Aaron, 25, went on to take his own life five days after her funeral, a separate inquest was told last month.
Aaron and Sophie also exchanged texts the day before her death that were "very general and loving in nature" while both were at home looking after their respective parents' dogs.
But when he couldn't contact Sophie the next day, Aaron became so worried he called his brother Ryan and the pair went together to her home in the village of Medburn near Newcastle, arriving about 7pm.
NATIONAL 24/7 CRISIS SERVICES
At first they threw stones up to Sophie's bedroom window to get her attention, before Aaron peered through the living room window and saw his girlfriend was unconscious.
The brothers smashed their way in through a door before Aaron began performing CPR.
He continued for 15 minutes while Ryan spoke to the ambulance service, until it became clear Sophie was dead.
Coroner Eric Armstrong issued a stark warning from the North Shields court, citing research in the US that said mixing drink and drugs made people 16 times more likely to take their own lives.
He said he was "certain she would not have acted as she did without taking alcohol and cocaine".
"The combination is used by those who believe it brings on a so-called high much quicker," he told the court.
"What they do not appreciate is it also gives rise to violent thoughts.
"If Sophie's death is to serve any purpose at all, that message must go out far and wide."

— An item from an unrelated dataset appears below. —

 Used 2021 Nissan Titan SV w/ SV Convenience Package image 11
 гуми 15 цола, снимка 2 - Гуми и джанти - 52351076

Recording a narrative verdict, Mr Armstrong said he could not be sure it was suicide, but ruled out any third party involvement.
He earlier described Aaron's thinking at the time of his death as "muddled by the distress of Sophie's death, the distress at having found her".
His devastated mum, Donna Armstrong, described their relationship as "very intense and emotional".
The inquest was dramatically halted from its planned start on March 21 so Sophie's parents could read a new report into her death.
At the time an official was quoted saying: "Please note that it has been necessary to cancel the hearing date for the inquest dealing with the death of Sophie Gradon.
"Sophie's parents have requested further time to consider a report which was only recently received."
Sources close to the family said they believed there was "nothing to support" the suicide theory, the Daily Mail reported.
Her parents were not present for the hearing.
Fellow Love Island contestant Mike Thalassitis was also found dead last month, prompting calls from UK Health Secretary Matt Hancock for reality shows to do more for competitors once they have become famous.